Can I begin by acknowledging the traditional owners of the land on which we meet, the Gadigal people of the Eora nation.

Thank you to the Australian Network for Universal Housing Design for this opportunity to contribute to this very important Forum.

Thank you especially to Margaret Ward, the previous National Convenor of the network and Amelia Starr the current Convenor for the excellent debate you have nurtured over the past few years between Government, the housing industry and the community.

Today I would like to broadly address four issues.

First, I would like to look at housing in the international human rights context.

Secondly, I would like to provide you with my views on the ways in which various sections of the Disability Discrimination Act 1992 (DDA) may impact on housing.

Thirdly I would like to comment on changes taking place in our community and question the sustainability of communities that do not address the different and changing needs of all its members.

Finally I would like to provide some general comment on policy options for ensuring a sustainable housing market and identify the issues I think we need to address over the next few years.

Human rights and adequate housing

In the international context the human right to adequate housing is set out in the Universal Declaration of Human Rights, the International Covenant on Economic, Social and Cultural Rights, and a number of other widely adhered to international declarations.

While there is no clear definition of 'adequate' a 'General comment on implementation' to Article 11 of the Covenant makes it clear that a broad interpretation of the word 'adequacy' is envisaged. The commentary says that:

"Adequate housing must be accessible to those entitled to it. Disadvantaged groups must be accorded full and sustainable access to adequate housing resources. Both housing law and policy should take fully into account the special housing needs of these groups".

There can be little doubt, therefore, that in an international context the availability of housing suitable to the needs of people with disabilities is considered a human right.

As a party to the Covenant my view is that Australia has a responsibility to ensure the housing market is responsive to the needs of people with disabilities.

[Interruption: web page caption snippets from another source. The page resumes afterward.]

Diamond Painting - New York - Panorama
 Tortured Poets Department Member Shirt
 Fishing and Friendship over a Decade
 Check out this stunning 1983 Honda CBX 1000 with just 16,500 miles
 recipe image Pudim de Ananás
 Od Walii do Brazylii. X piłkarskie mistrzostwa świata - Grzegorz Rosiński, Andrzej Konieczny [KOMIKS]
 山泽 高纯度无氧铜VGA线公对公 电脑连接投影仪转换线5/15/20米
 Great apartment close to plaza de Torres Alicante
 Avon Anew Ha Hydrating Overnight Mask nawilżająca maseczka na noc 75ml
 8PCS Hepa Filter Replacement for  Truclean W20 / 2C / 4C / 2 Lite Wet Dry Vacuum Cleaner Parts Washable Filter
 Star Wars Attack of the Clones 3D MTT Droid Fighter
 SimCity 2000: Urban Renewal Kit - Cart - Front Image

How a nation is to meet those responsibilities is not defined in the various treaties, but clearly a range of potential strategies are possible including:

•  publicly funded housing and accommodation programs;

•  building regulation and certification through national, state/territory or local government mechanisms;

•  anti-discrimination laws;

•  industry incentives; and

•  education and awareness raising.

The Disability Discrimination Act and accessible housing

There are no provisions in Federal anti-discrimination law expressly requiring paths of travel to, or facilities in, private housing to be made accessible to people with disabilities.

There are, however, a number of sections of the DDA which are relevant to the debate about the right to accessible housing and accommodation.

Section 23 Access to Premises

This section is concerned with access to and use of premises. However, the provision specifically limits premises covered to those 'that the public or a section of the public is entitled or allowed to enter or use.'

While the President of the Commission has the authority to decide which complaints are accepted I think it likely that complaints under s 23 in respect of Class 1, that is single dwellings and Class 2, that is blocks of flats may be limited to two situations.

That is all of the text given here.